• TASK DETAILS: Retype exactly the span of lines below from the one with "Při požáru chaty" through the one with "Used 2020 Chrysler". Do not include pictures.

• MATERIALS PROVIDED:
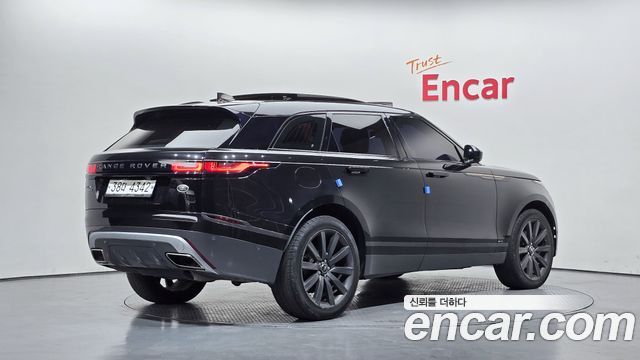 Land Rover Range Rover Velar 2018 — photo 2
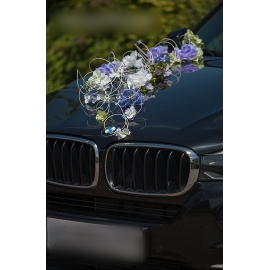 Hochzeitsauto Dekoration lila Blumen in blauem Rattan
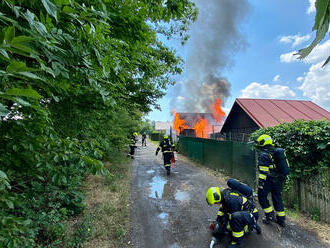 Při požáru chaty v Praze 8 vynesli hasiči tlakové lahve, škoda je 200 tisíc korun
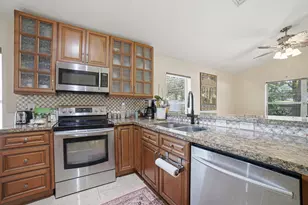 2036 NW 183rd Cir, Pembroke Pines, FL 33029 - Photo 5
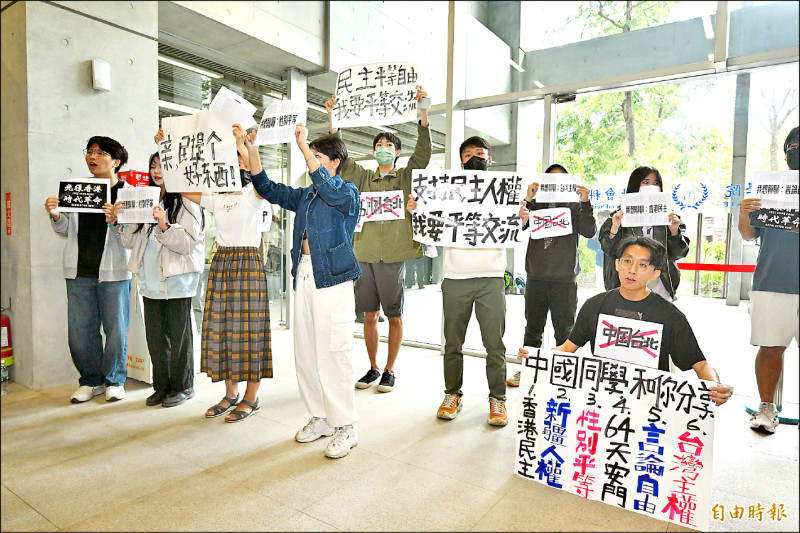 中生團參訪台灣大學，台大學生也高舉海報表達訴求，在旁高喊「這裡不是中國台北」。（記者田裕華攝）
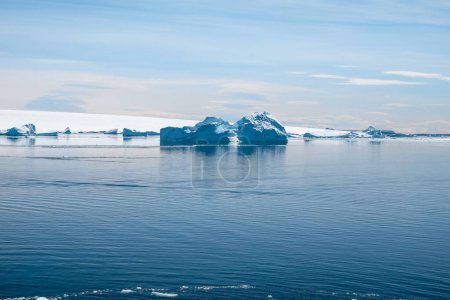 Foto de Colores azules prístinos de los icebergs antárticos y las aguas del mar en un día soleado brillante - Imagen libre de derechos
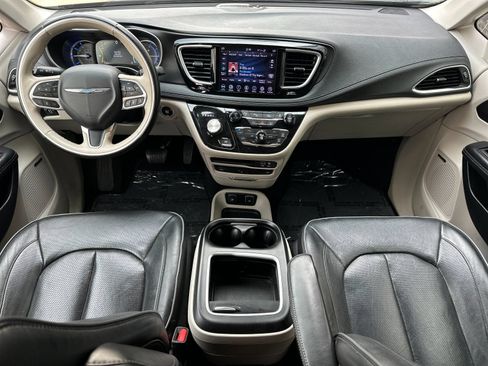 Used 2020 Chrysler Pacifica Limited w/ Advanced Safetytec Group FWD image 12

* * *

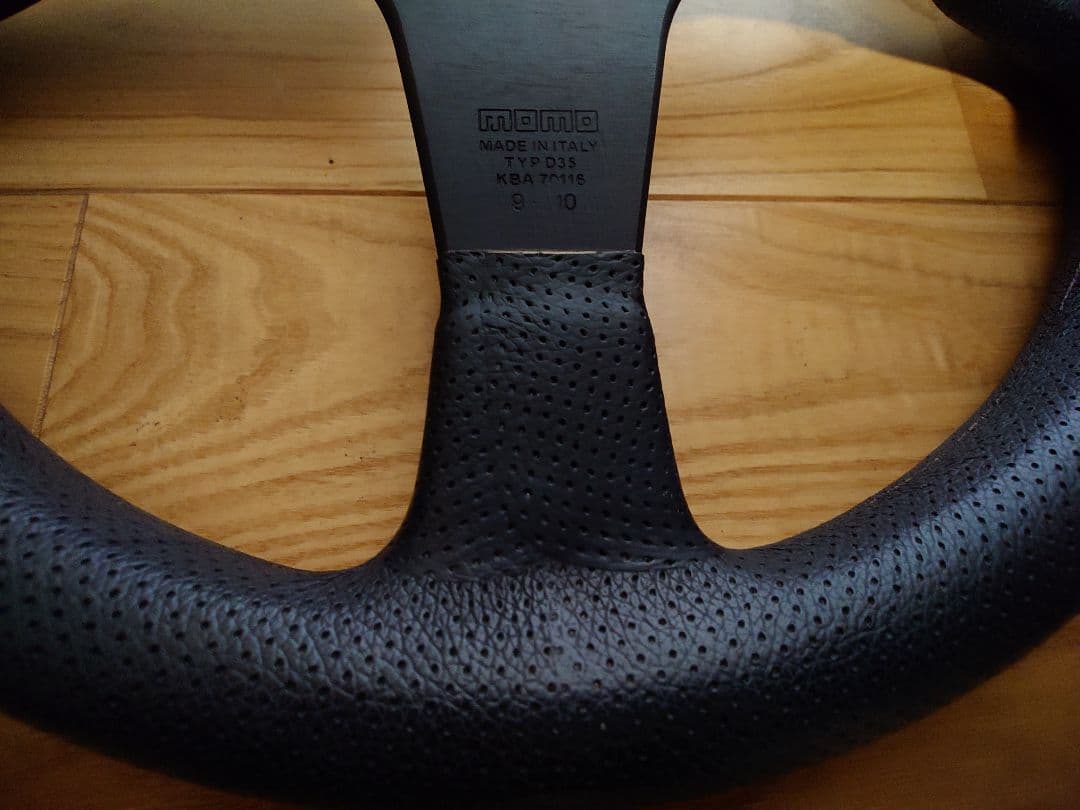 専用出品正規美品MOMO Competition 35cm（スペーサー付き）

* * *

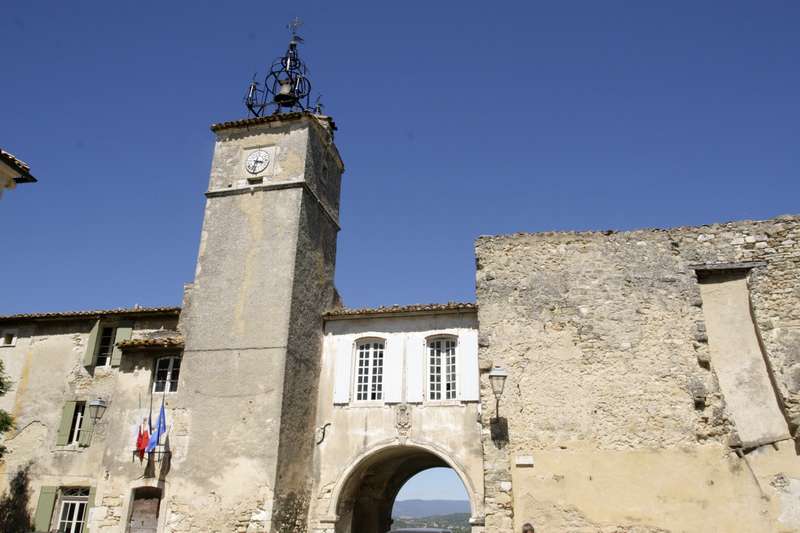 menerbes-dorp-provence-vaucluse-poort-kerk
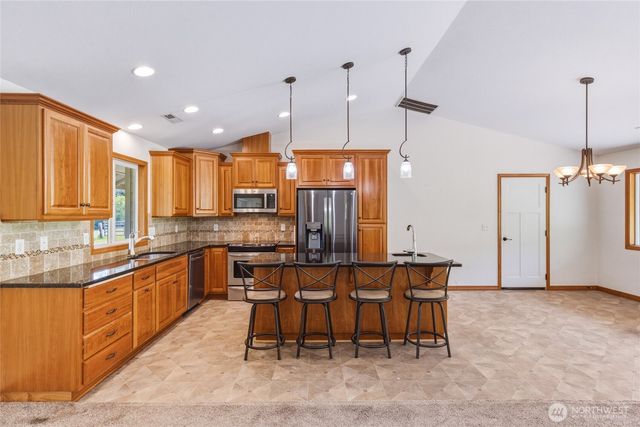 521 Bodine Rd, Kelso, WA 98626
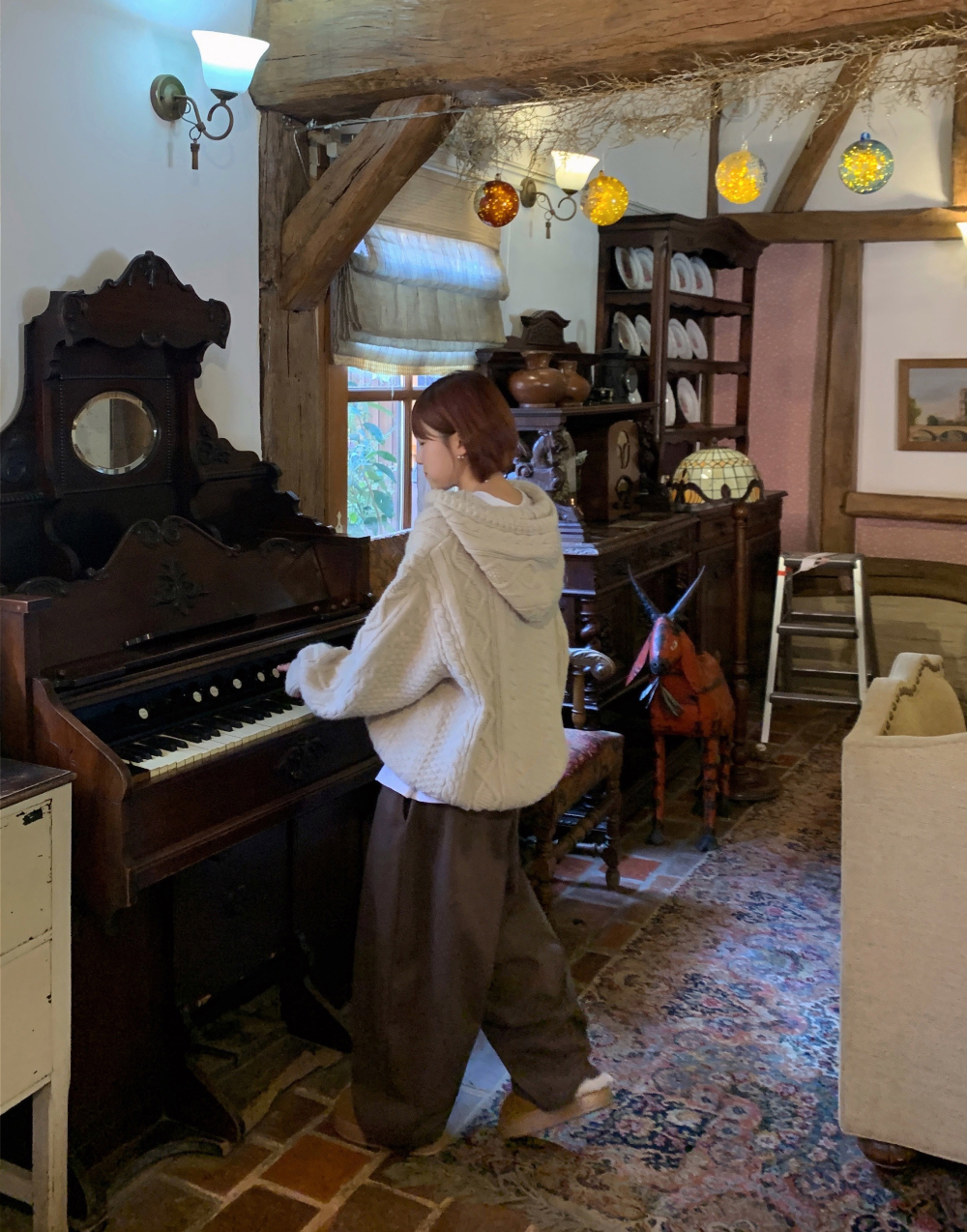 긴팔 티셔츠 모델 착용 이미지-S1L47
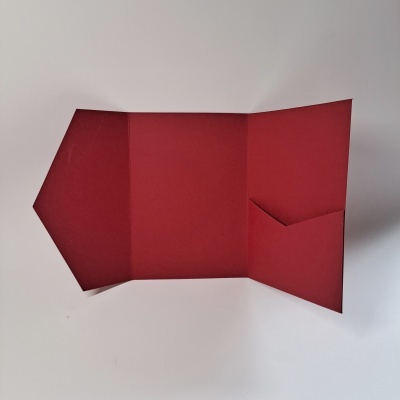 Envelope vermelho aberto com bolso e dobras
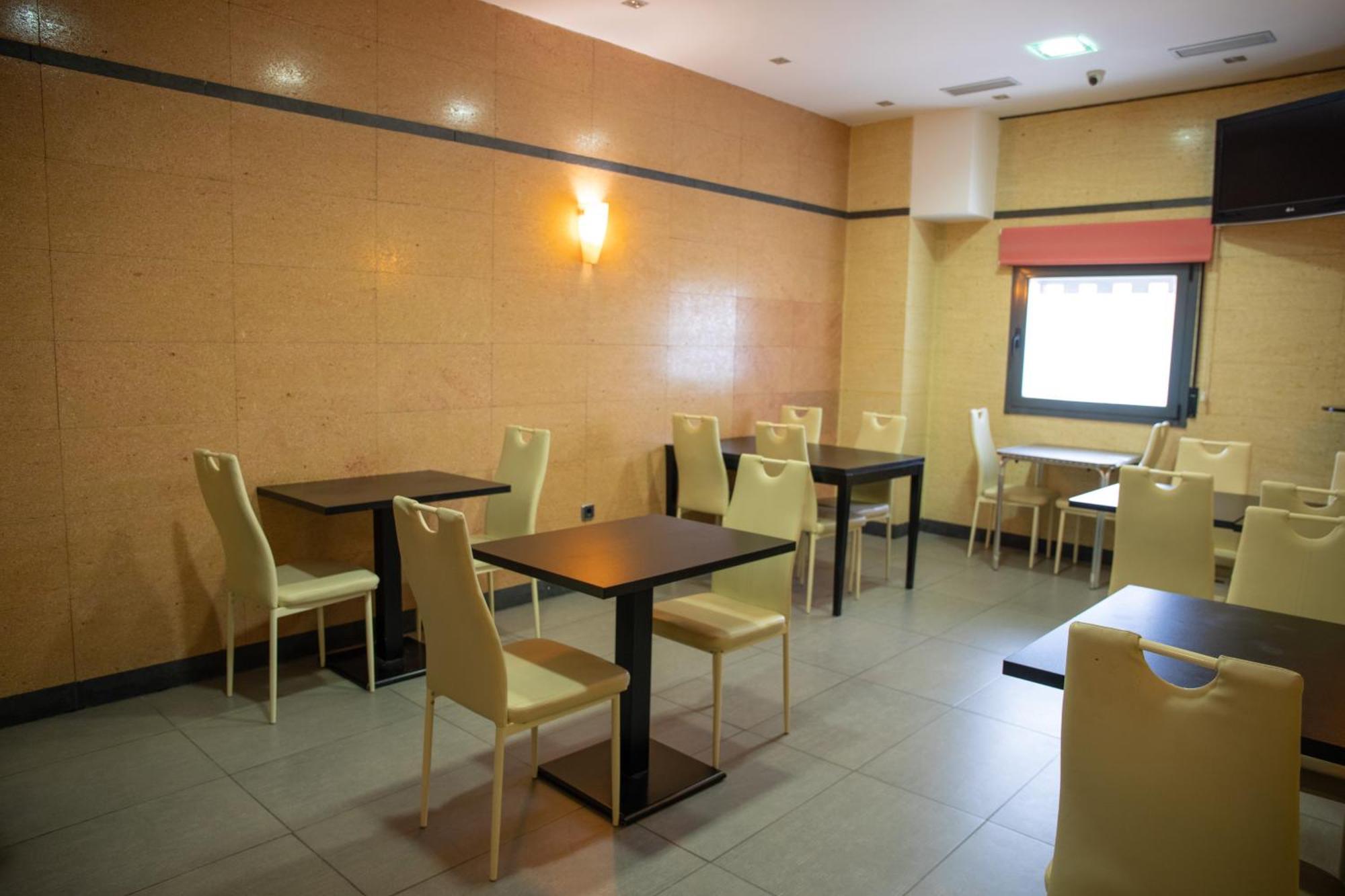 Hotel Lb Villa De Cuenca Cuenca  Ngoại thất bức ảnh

• WRITTEN RESPONSE:
 Při požáru chaty v Praze 8 vynesli hasiči tlakové lahve, škoda je 200 tisíc korun
 2036 NW 183rd Cir, Pembroke Pines, FL 33029 - Photo 5
 中生團參訪台灣大學，台大學生也高舉海報表達訴求，在旁高喊「這裡不是中國台北」。（記者田裕華攝）
 Foto de Colores azules prístinos de los icebergs antárticos y las aguas del mar en un día soleado brillante - Imagen libre de derechos
 Used 2020 Chrysler Pacifica Limited w/ Advanced Safetytec Group FWD image 12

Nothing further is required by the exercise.